第216条不同意堕胎致死傷
前条の罪を犯し、よって女子を死傷させた者は、傷害の罪と比較して、重い刑により処断するんや。
ワンポイント解説
前の第215条の不同意堕胎罪を犯して、それが原因で女性を死傷させてしもうた場合は、不同意堕胎罪と傷害の罪(第204条)を比べて、重い方の刑で処罰されるんや。これは結果的加重犯っていう特殊な形の犯罪なんやね。
ちょっと分かりにくいかもしれへんから、具体例で説明するわな。例えば、女性の同意なしに無理やり堕胎させて、その結果女性が亡くなってしもうたとしよう。この場合、不同意堕胎罪(6月以上7年以下の拘禁刑)と傷害罪(15年以下の拘禁刑または50万円以下の罰金)を比較するんや。傷害罪の方が重いから、最大で15年の拘禁刑が科されることになるわけやね。

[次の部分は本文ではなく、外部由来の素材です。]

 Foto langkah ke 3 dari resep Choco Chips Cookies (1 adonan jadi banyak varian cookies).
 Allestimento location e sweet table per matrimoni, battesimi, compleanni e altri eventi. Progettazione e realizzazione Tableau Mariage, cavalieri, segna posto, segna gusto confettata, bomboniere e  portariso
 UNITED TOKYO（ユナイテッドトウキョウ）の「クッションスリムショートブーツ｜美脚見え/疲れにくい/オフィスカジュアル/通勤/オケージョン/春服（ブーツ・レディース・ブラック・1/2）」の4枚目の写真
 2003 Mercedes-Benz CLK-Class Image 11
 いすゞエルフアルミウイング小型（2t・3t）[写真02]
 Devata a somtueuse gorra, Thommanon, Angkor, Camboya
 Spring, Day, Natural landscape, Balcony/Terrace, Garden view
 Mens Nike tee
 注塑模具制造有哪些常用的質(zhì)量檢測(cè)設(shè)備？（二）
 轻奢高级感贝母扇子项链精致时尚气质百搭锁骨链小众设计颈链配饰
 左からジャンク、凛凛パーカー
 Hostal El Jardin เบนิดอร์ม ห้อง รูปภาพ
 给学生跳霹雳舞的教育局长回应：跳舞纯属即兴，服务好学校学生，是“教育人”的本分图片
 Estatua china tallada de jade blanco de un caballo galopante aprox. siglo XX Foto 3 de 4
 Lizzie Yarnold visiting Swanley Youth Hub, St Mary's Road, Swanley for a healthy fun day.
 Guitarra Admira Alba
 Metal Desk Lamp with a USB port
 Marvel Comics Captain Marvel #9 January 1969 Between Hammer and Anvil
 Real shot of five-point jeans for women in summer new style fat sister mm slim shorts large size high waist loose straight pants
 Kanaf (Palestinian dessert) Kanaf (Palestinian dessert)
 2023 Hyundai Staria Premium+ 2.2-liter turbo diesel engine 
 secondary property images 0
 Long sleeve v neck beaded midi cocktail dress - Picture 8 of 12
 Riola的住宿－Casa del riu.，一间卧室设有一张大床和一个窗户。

「重い刑により処断する」っていうのは、二つの罪の法定刑を見比べて、より重い方を適用するっていう意味なんや。女性の意思を無視して堕胎させた上に、命や身体まで奪ってしもうたっていうのは、本当に重大な犯罪やからね。法律は、女性の生命・身体・そして自己決定権、これら全てを大切に守ろうとしとるんやで。決して軽く考えたらあかん犯罪なんや。